No i mamy w III RP przełom. Tyle było narzekań ze strony prawicowych malkontentów, że po 1989 roku mimo rozkradzenia majątku narodowego i wyprzedaniu za bezcen rodowych sreber nie skazano żadnego polityka i aferzysty. Tyle było biadolenia, że komunistyczni zbrodniarze mający krew na rękach są bezkarni i śmieją się Polakom w twarz, a tu taka sensacja. Właśnie na trzy lata odsiadki i to bez żadnego zawieszenia sąd, a właściwie rozgrzany sędzia Wojciech Łączewski skazał byłego szefa CBA i wiceprezesa PiS, Mariusza Kamińskiego oraz jego zastępców.

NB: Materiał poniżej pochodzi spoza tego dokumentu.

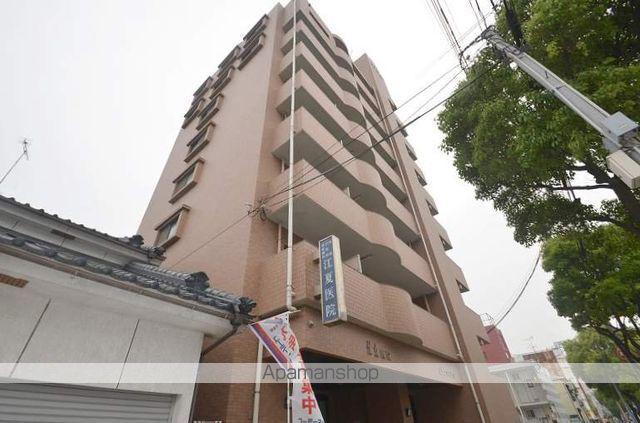 こうかマンション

Czyż to nie największy sukces III RP? Oto po 25 latach, jako pierwsi mają iść za kratki przedstawiciele partii opozycyjnej, którzy ośmielili się wydać wojnę skorumpowanej mafii w białych kołnierzykach.
Ale to nie jedyna sensacja. Z wyroku radości nie kryją nie tylko rządzący, beneficjenci Systemu i wszelkiej maści złodzieje, lewactwo oraz sługusy salonu tacy ja były szef Młodzieży Wszechpolskiej oraz prezes LPR, Roman Giertych czy fanatyczna feministka prof. Prawa, Monika Płatek z UW. Oto jak wyrok skomentował Robert Winnicki z Ruchu Narodowego: To prawda, że w Polsce jest mnóstwo niesprawiedliwych wyroków. To prawda, że nie osądzono wielu komunistycznych zbrodniarzy, aferzystów, polityków liberalnego i lewicowego mainstreamu. To prawda, że sprawiedliwość kuleje. Ale to żaden powód, by z Kamińskiego robić dziś męczennika. Bo on żadnym męczennikiem ani pozytywnym bohaterem tych wydarzeń nie jest.
No proszę, jaka zgodność poglądów ze swoim dawnym szefem. Pan Robert, co prawda nie stanął jeszcze tam gdzie stało ZOMO, ale ewidentnie stoi tam gdzie Giertych. No cóż, stara miłość nie rdzewieje.
O niektórych politykach PiS-u nie mam najlepszego zdania, ale „Mario”, czyli Mariusz Kamiński to dla mnie postać wyjątkowa i jak wiedzą dobrze wszyscy ci, którzy go znają człowiek niezwykle odważny, prawy, skromny oraz uczciwy aż do bólu. Nie wiem, co Robert Winnicki robił mając szesnaście lat, ale może warto by wiedział, że w 1981 roku właśnie w wieku szesnastu lat Mario wylądował w poprawczaku za „zbezczeszczenie” Pomnika Wdzięczności Armii Czerwonej. Śmiało można nazwać Kamińskiego wojującym antykomunistą, który nie raz za swoje poglądy i działalność płacił słono. Co ważne, mimo rzeczywistych represji, jakich doświadczał w swoim życiu i to już, jako kilkunastolatek, nigdy się nie skarżył i nie obnosił ze swoim męczeństwem, jak czyni to dzisiaj wielu „narodowych bohaterów” cierpiących na pluszowych krzyżach.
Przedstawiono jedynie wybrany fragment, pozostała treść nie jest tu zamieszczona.